Data to process section start
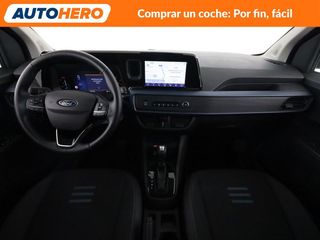 Ford Tourneo Courier 1.0 EcoBoost Active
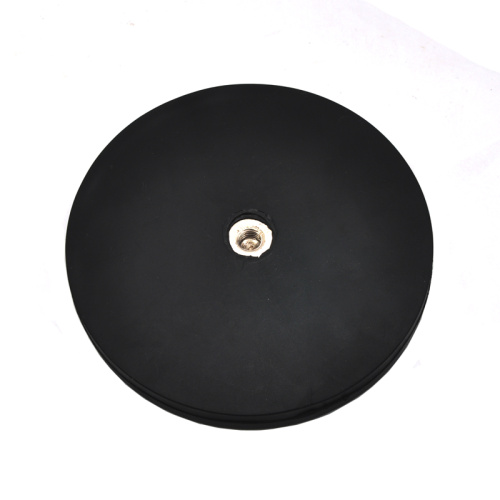 NSM-G66 Rubber Coated Magnetic Holder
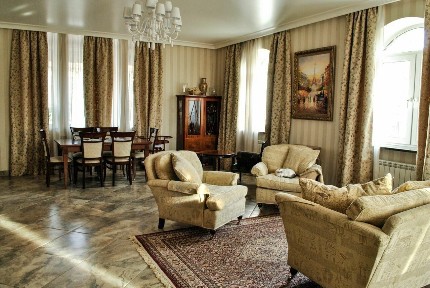 Продажа виллы 300 м², Шевченко ул., 48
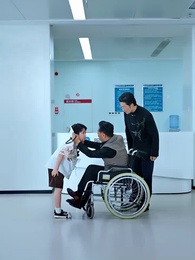 Caregiver's Secret - Episode 4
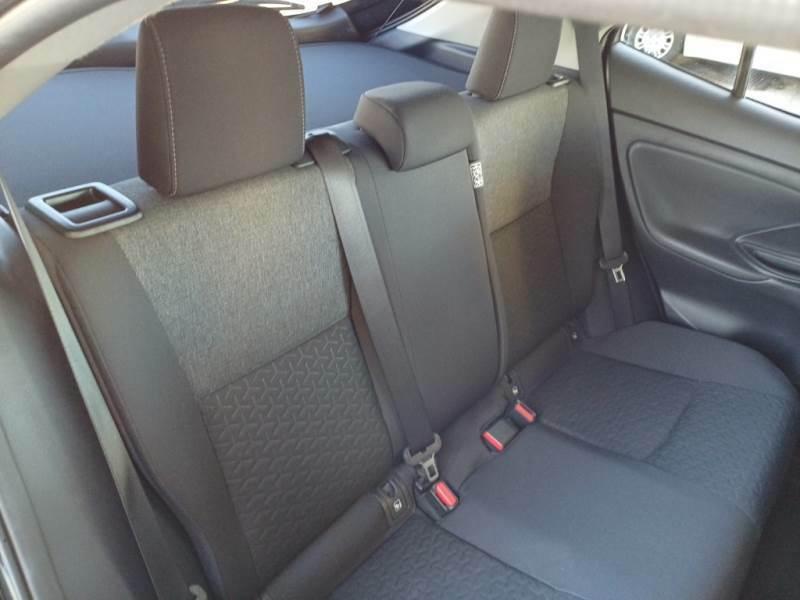 TOYOTA YARIS CROSS 1.5H 92CV E-CVT Business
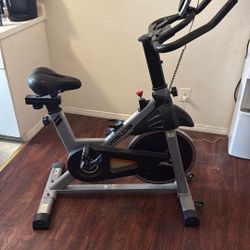 Yosuda Stationary Bike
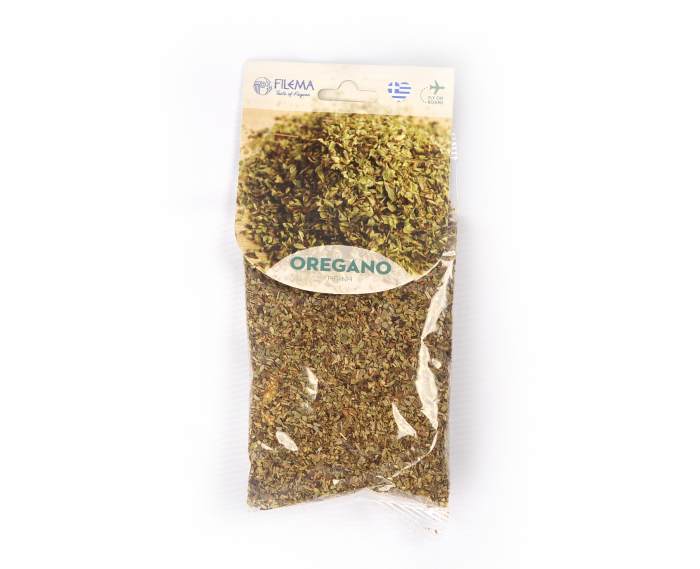 OREGANO 50GR [1]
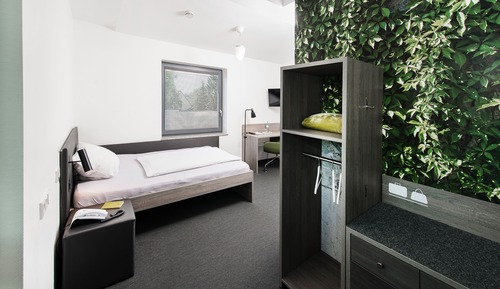 Single Room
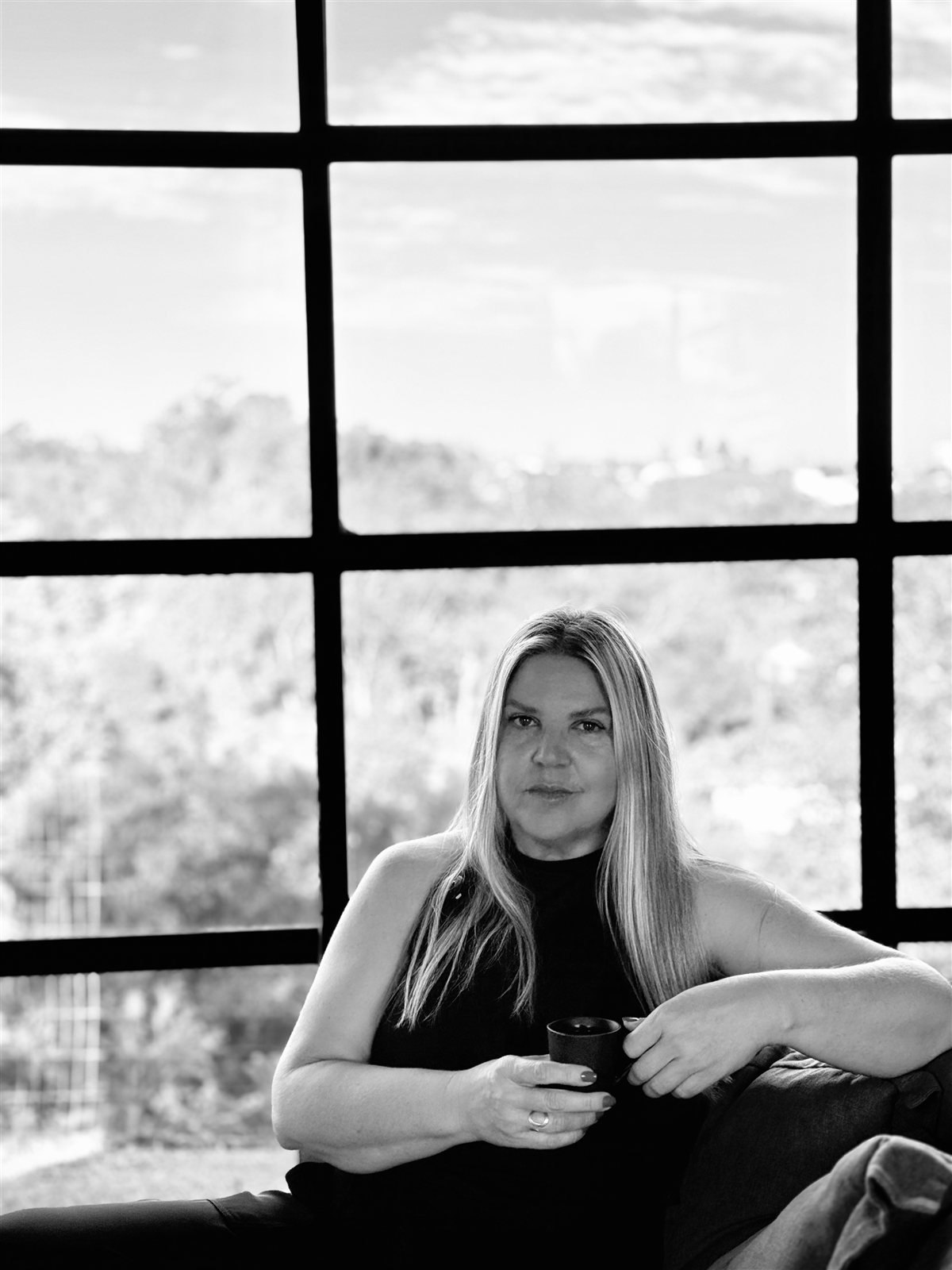 Dina Tauffer
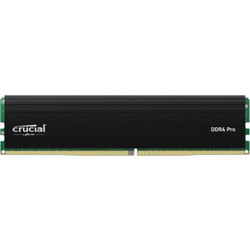 Crucial 32GB (1X32GB) DDR4 RAM 3200MHz C22 CP32G4DFRA32AT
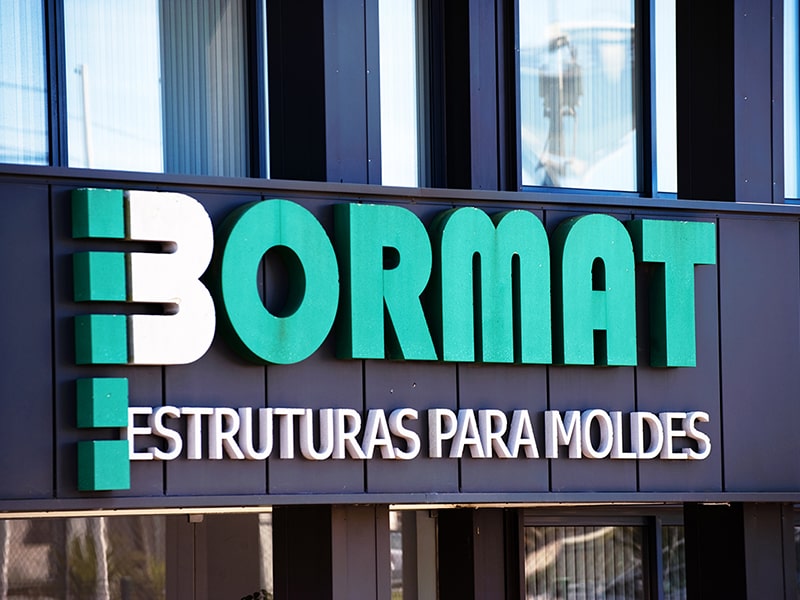 Instalações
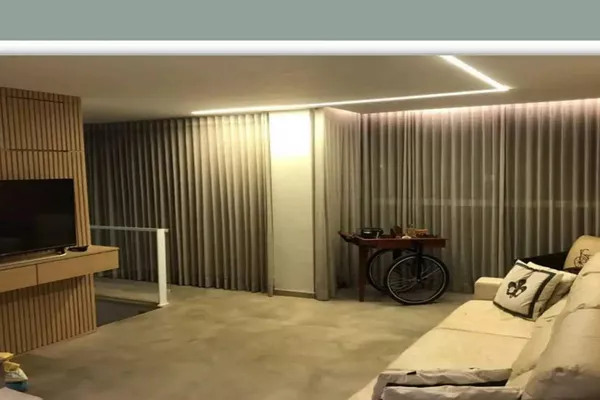 Unidades à venda, 3 quartos, Alphaville - Lagoa dos Ingleses - Nova Lima - Foto 2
Data to process section end
**Problem statement:**
Nothing but the lines from the line containing "OREGANO 50GR [1]" through the last line of the listing above should appear, output exactly, with no pictures.

**Answer for the task:**
 OREGANO 50GR [1]
 Single Room
 Dina Tauffer
 Crucial 32GB (1X32GB) DDR4 RAM 3200MHz C22 CP32G4DFRA32AT
 Instalações
 Unidades à venda, 3 quartos, Alphaville - Lagoa dos Ingleses - Nova Lima - Foto 2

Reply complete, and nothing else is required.